Divisão entre os Ministros
O colegiado encontra-se dividido entre a homologação integral ou parcial dos termos do acordo. Até o momento, cinco ministros – Kássio Nunes Marques, Cristiano Zanin, André Mendonça, Dias Toffoli e Gilmar Mendes – manifestaram-se a favor da homologação total do acordo.

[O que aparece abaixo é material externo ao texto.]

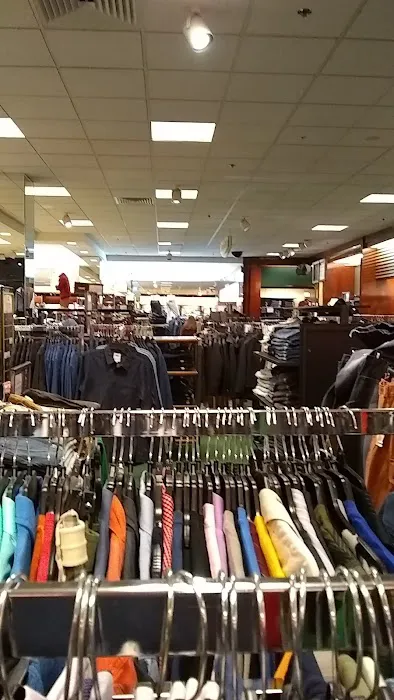 Macy's 3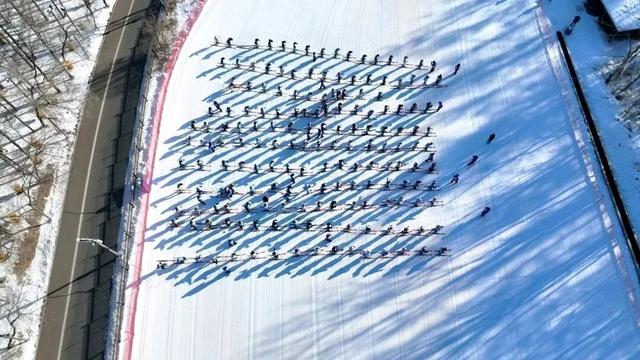 宝子们~66元起+超长有效期！这波优惠，你们喜欢吗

O ministro Alexandre de Moraes optou por homologar apenas a parte do acordo que propõe a ampliação dos assentos da União nos conselhos da empresa. Em relação aos demais termos, ele não rejeitou, mas afastou a possibilidade jurídica de análise. Moraes foi acompanhado pelas ministras Flávio Dino, Cármen Lúcia e Edson Fachin.
Voto de Flávio Dino
Durante seu voto, o ministro Flávio Dino ressaltou que a diferença entre o voto de Moraes e o de Nunes Marques é meramente jurídica. Dino afirmou: “Quanto ao resultado, não diverge, mas no caso do ministro Alexandre, ele buscou privilegiar uma regra legal”.
Contexto da Ação
A ação que originou o caso foi ajuizada em 2023 pela Advocacia Geral da União (AGU) e questiona a limitação do poder de voto da União a 10%. O governo alega que deseja um poder proporcional à sua participação na empresa, que é de 43%.

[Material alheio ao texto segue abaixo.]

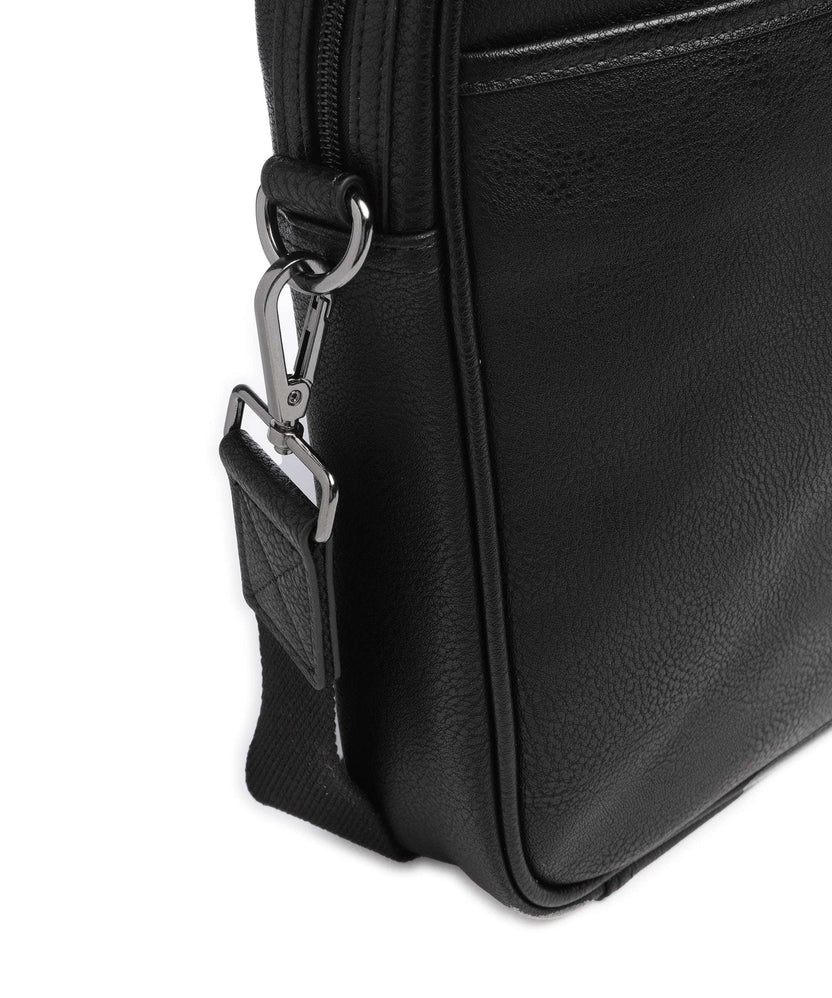 Ted Baker Kenriik Briefcase black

O Acordo entre União e Axia
Em fevereiro deste ano, a União e a Axia chegaram a um acordo que mantém a limitação de 10% no poder de voto, mas propõe a ampliação do número de cadeiras ocupadas pela União no Conselho de Administração, passando de sete para dez. O acordo ainda garante a adição de mais uma cadeira no Conselho Fiscal. Como contrapartida, a Axia não precisará mais cumprir a obrigação de investir recursos na construção da usina nuclear de Angra 3.